***** Recorded information *****
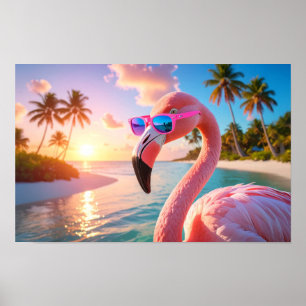 Poster PENSADOR ROSA - Flamingo ROSA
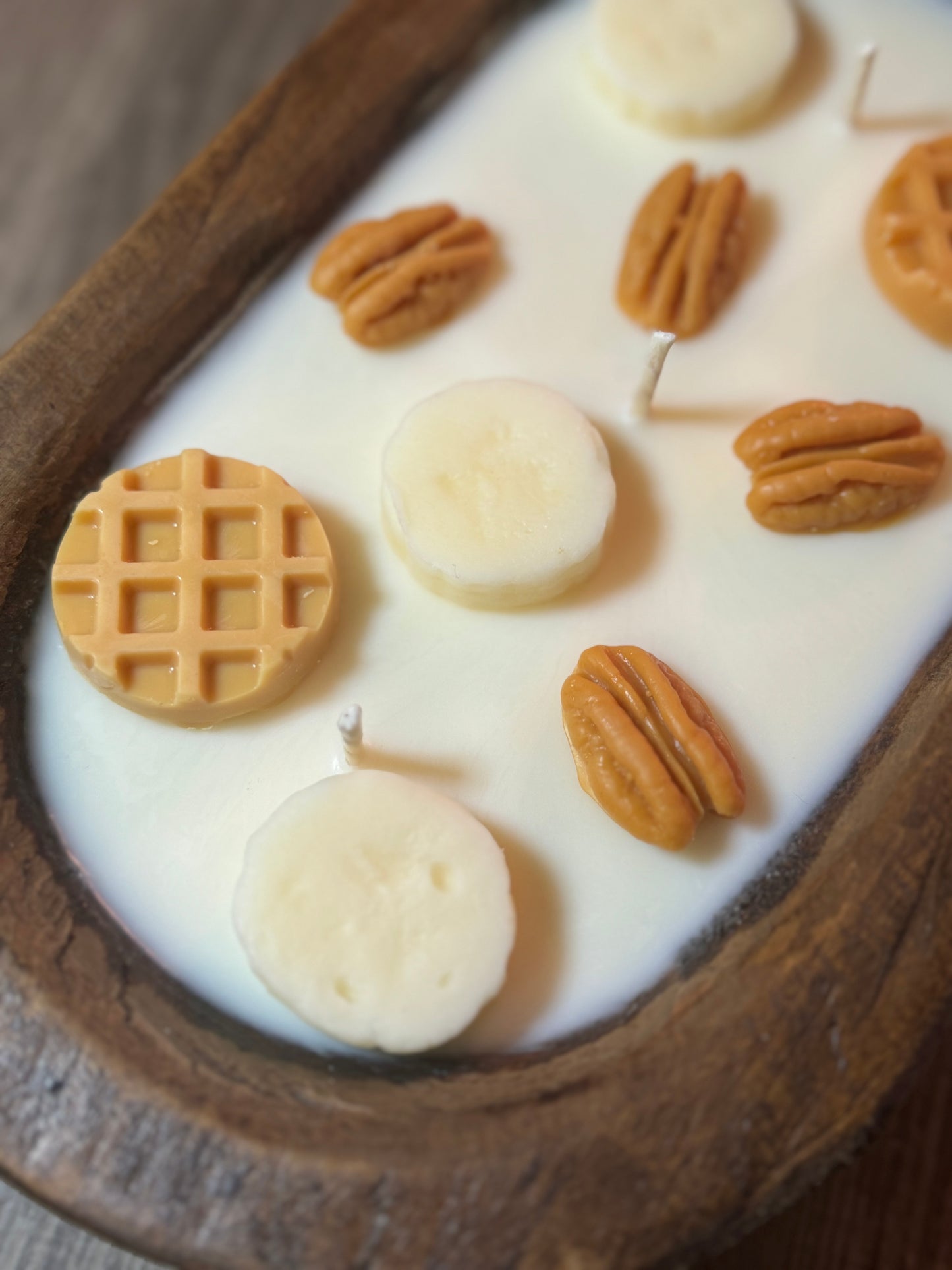 Banana Nut Bread Dough Bowl Candle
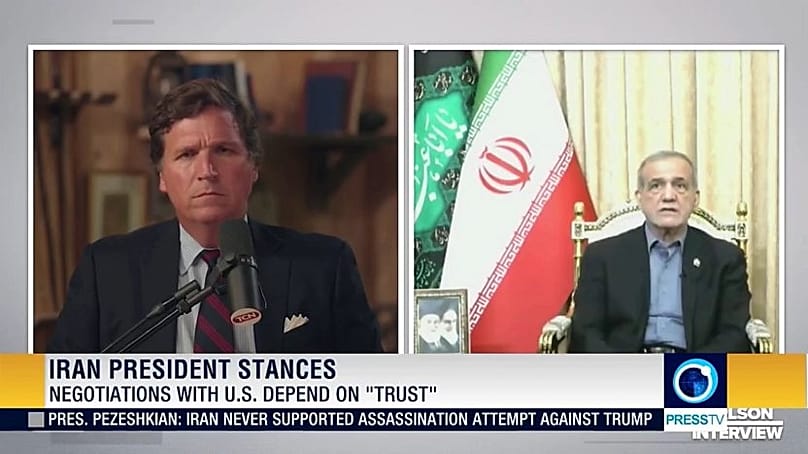 Carlson online interjúja az iráni elnökkel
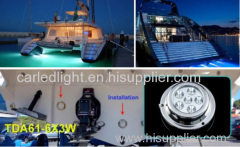 18 W Surface Mount Marine Led Spotlights For Boats DC11V-14V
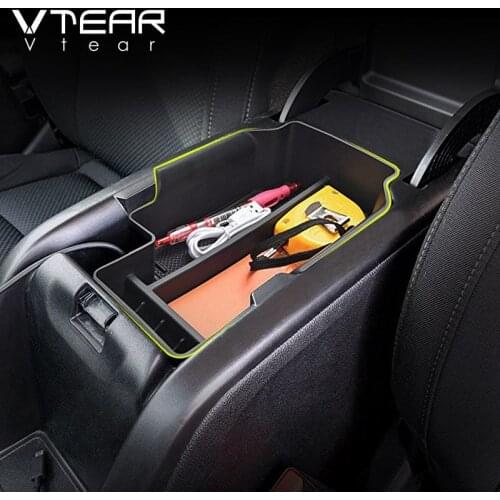 Vtear For GMC Canyon car storage box central container holder styling tray pallet case stuff cover accessories decoration auto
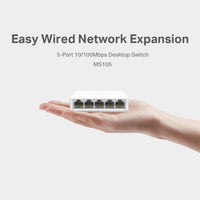 Mercusys 10/100Mbps Desktop Switch 5-port / 8port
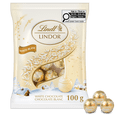 thumbnail image 1 of Lindt LINDOR Mini White Chocolate Balls, 100-Gram Bag, 1 of 6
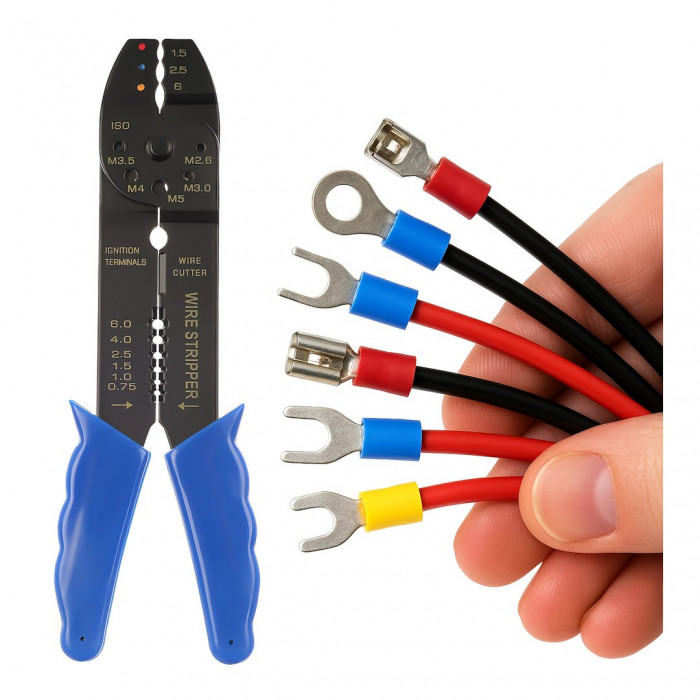 Pince a sertir pour connecteurs non isolés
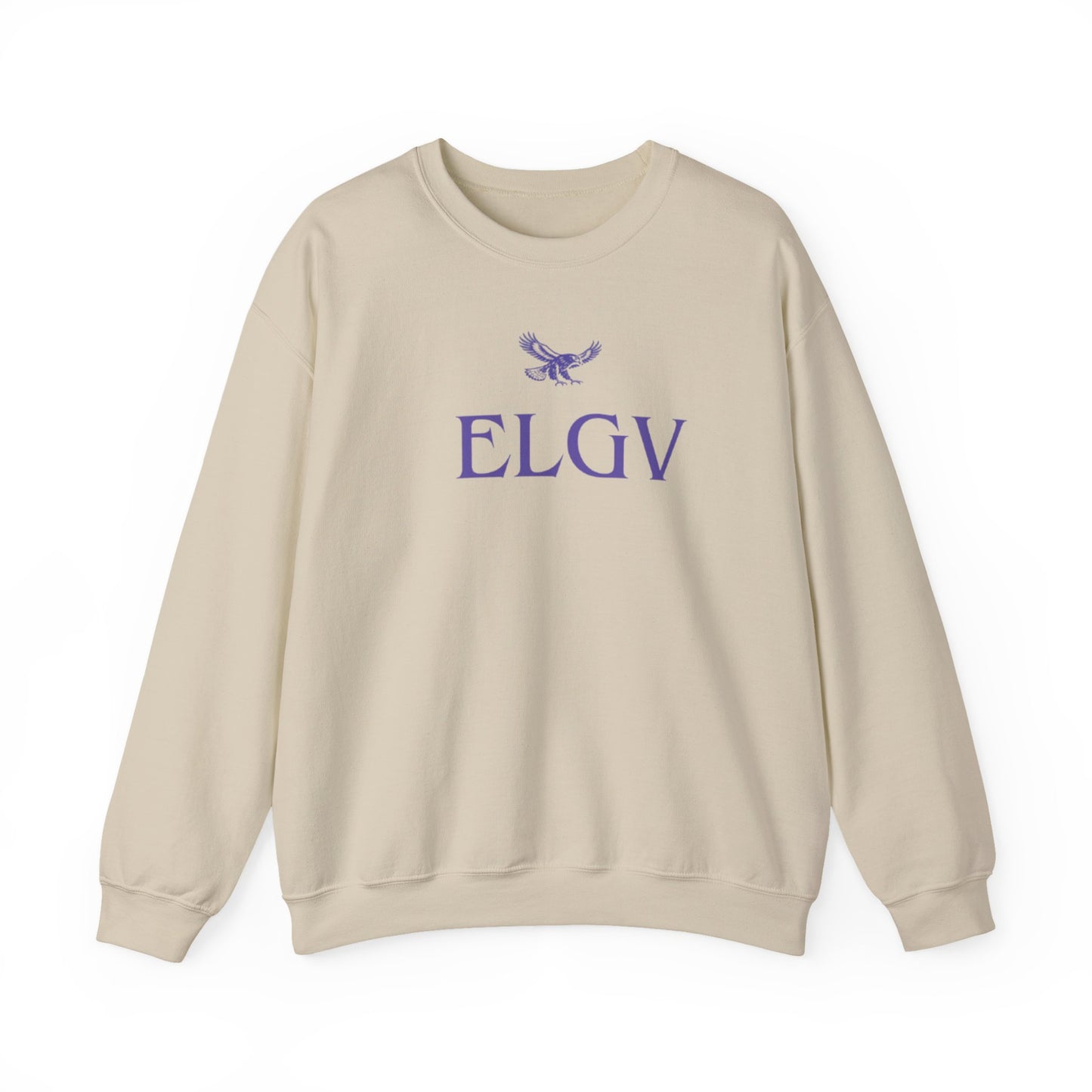 “Center ELGV purple logo” sweatshirt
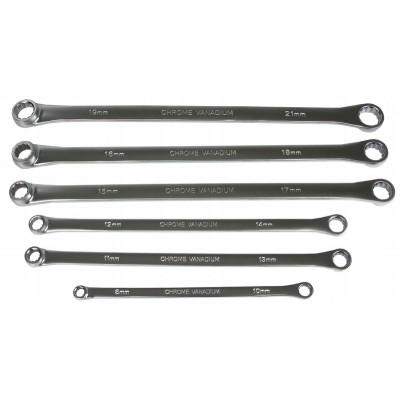 Žiediniais galais prailgintų raktų rinkinys 8-21mm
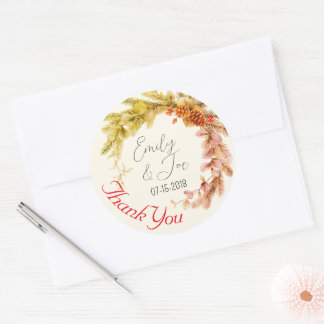 Wedding personalised stickers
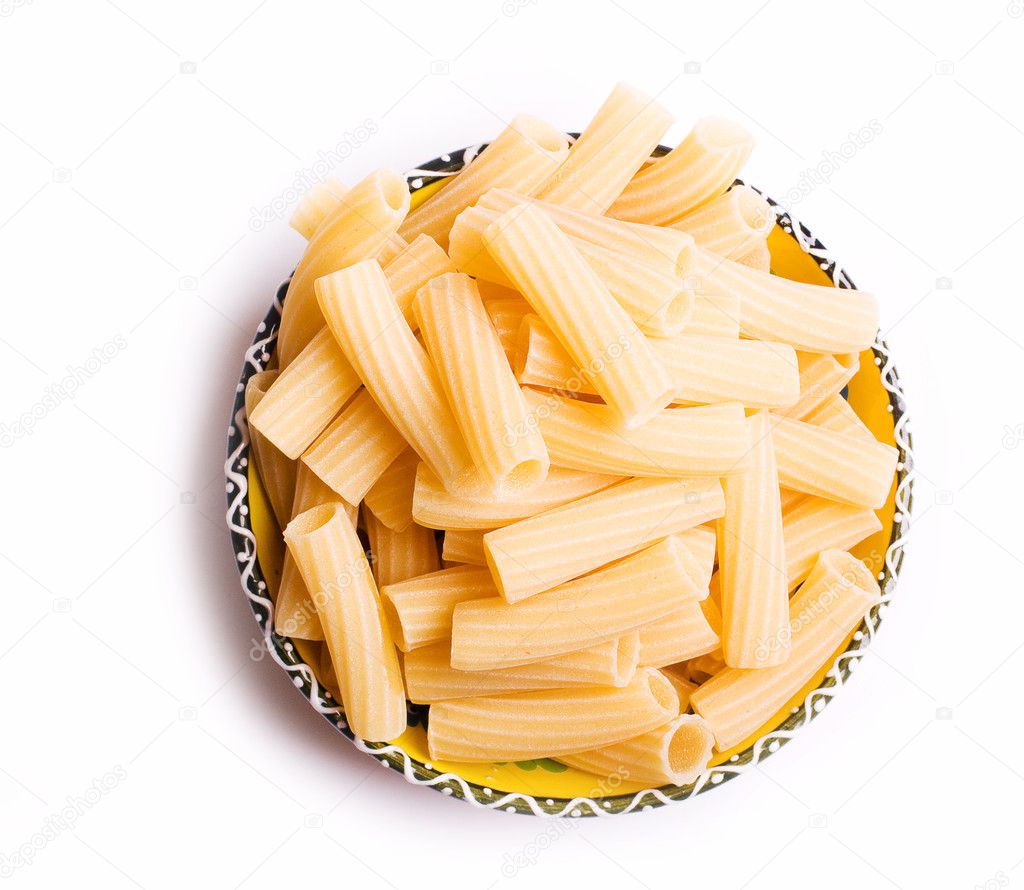 Italian pasta in a dish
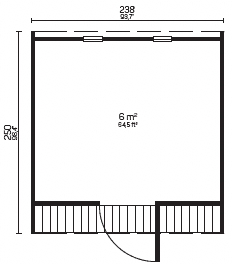 BIANCA Sauna Pod | 2.4x2.5m - Timber Building Specialists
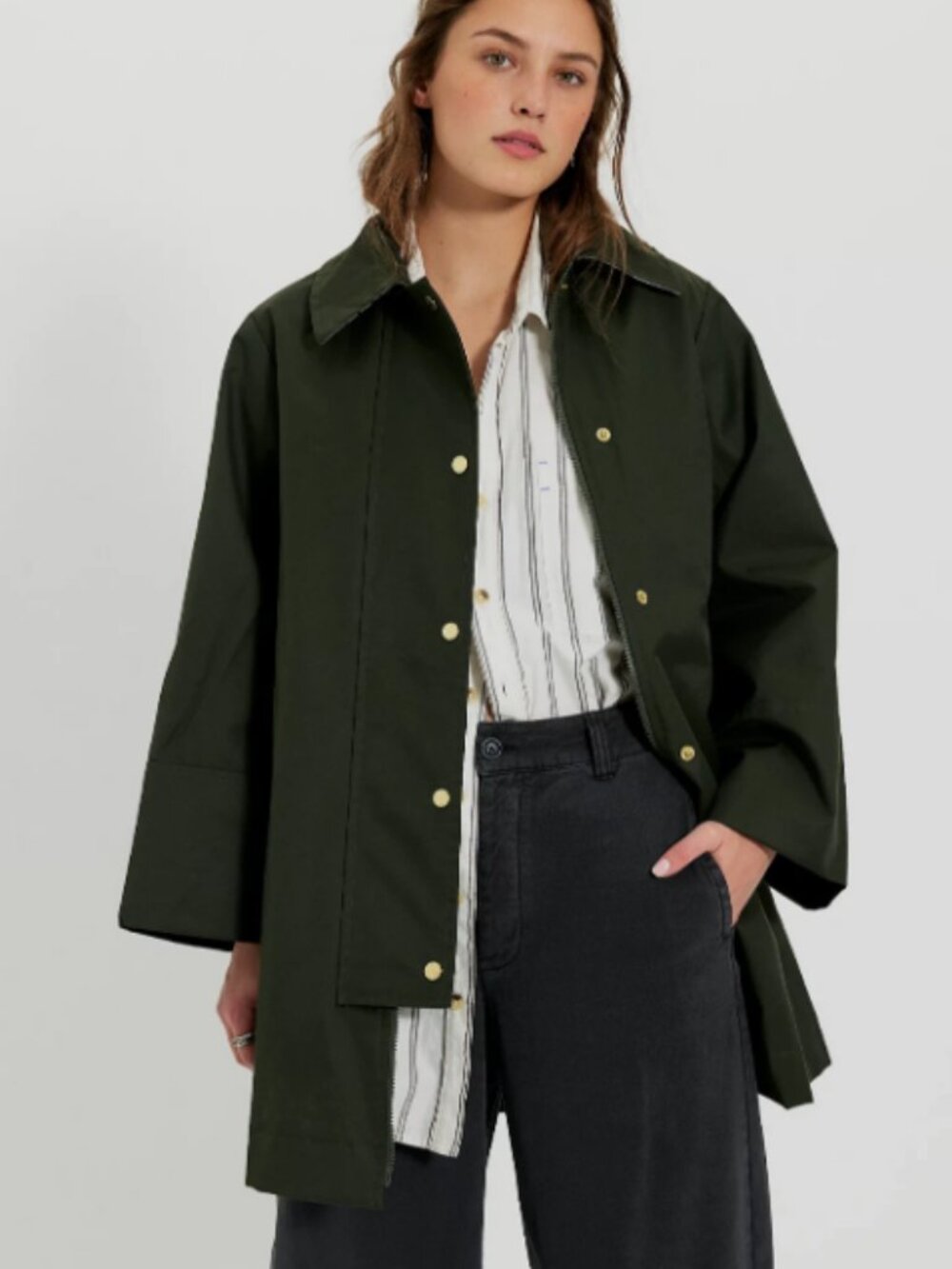 Barbour FIA CAPED (Removable )TWILL Water Resistant Jacket MSRP$420 British Chic - Picture 3 of 16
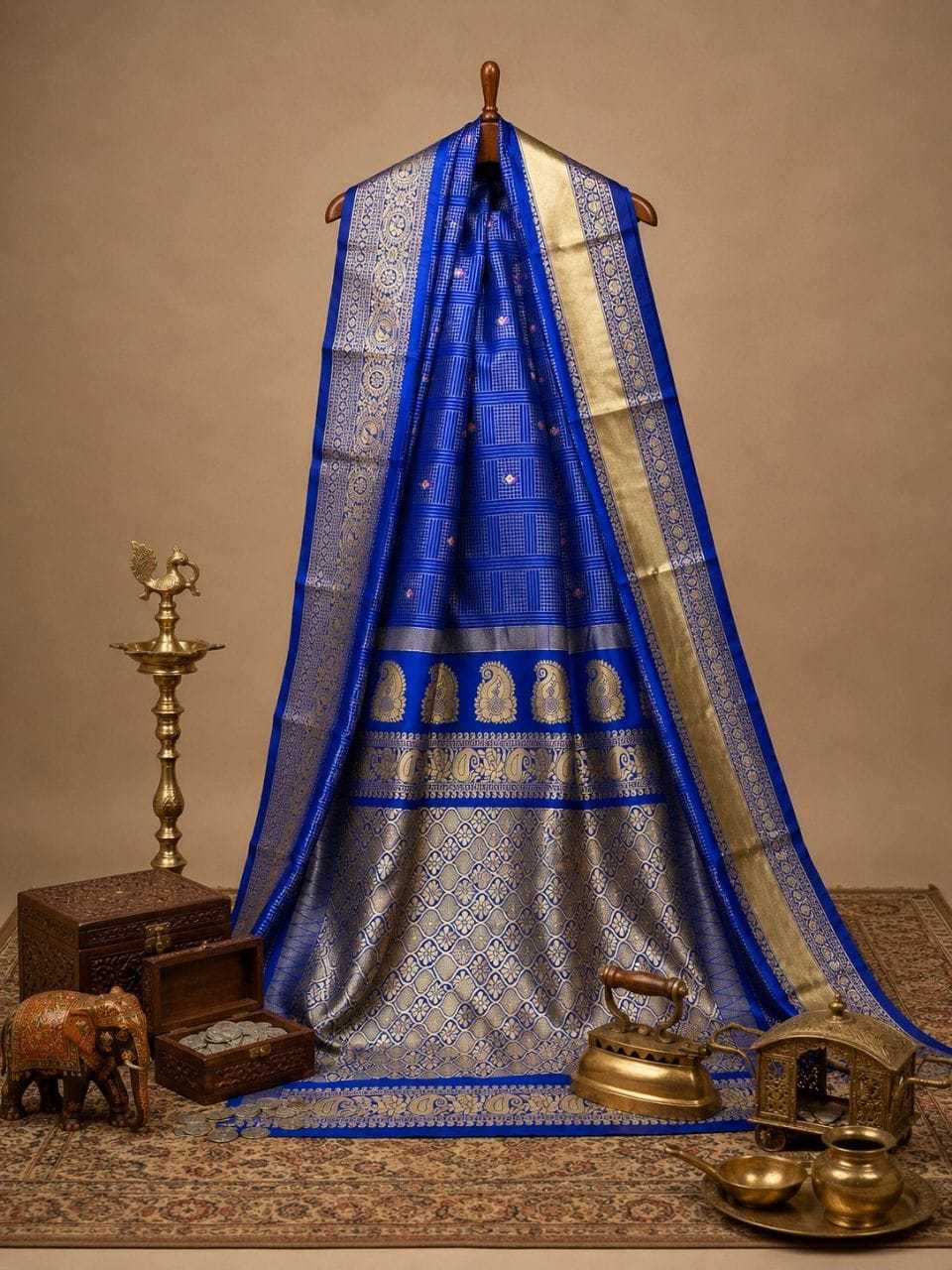 Lichi Soft Silk Designer Saree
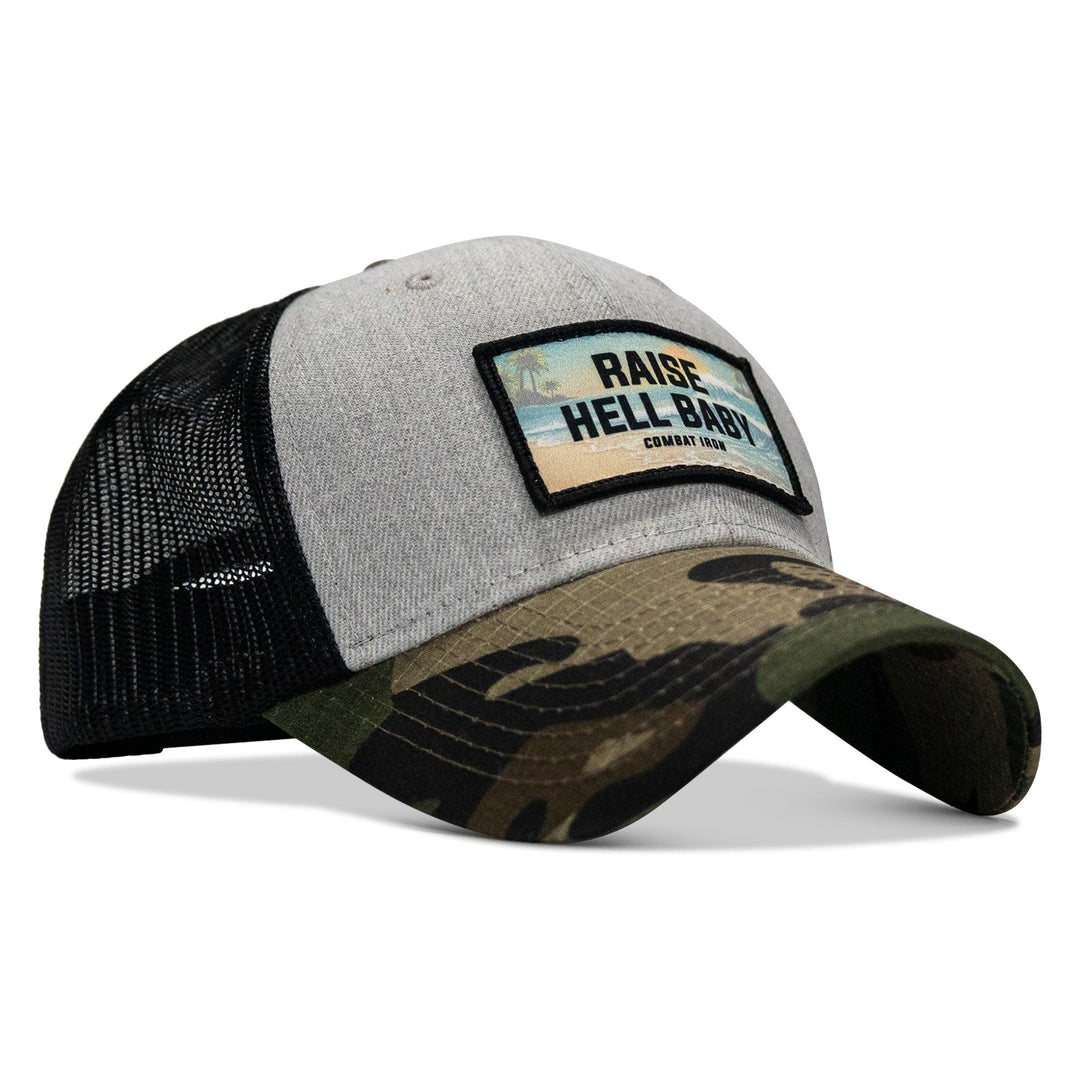 One Revolver Surfboards - Raise Hell Baby Sunset Patch Original Ripstop Snapback Hat HEADWEAR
*****
■ Task prompt ■
Word for word, reproduce all the data, but not the pictures.

■ Response to this exercise ■
 Poster PENSADOR ROSA - Flamingo ROSA
 Banana Nut Bread Dough Bowl Candle
 Carlson online interjúja az iráni elnökkel
 18 W Surface Mount Marine Led Spotlights For Boats DC11V-14V
 Vtear For GMC Canyon car storage box central container holder styling tray pallet case stuff cover accessories decoration auto
 Mercusys 10/100Mbps Desktop Switch 5-port / 8port
 thumbnail image 1 of Lindt LINDOR Mini White Chocolate Balls, 100-Gram Bag, 1 of 6
 Pince a sertir pour connecteurs non isolés
 “Center ELGV purple logo” sweatshirt
 Žiediniais galais prailgintų raktų rinkinys 8-21mm
 Wedding personalised stickers
 Italian pasta in a dish
 BIANCA Sauna Pod | 2.4x2.5m - Timber Building Specialists
 Barbour FIA CAPED (Removable )TWILL Water Resistant Jacket MSRP$420 British Chic - Picture 3 of 16
 Lichi Soft Silk Designer Saree
 One Revolver Surfboards - Raise Hell Baby Sunset Patch Original Ripstop Snapback Hat HEADWEAR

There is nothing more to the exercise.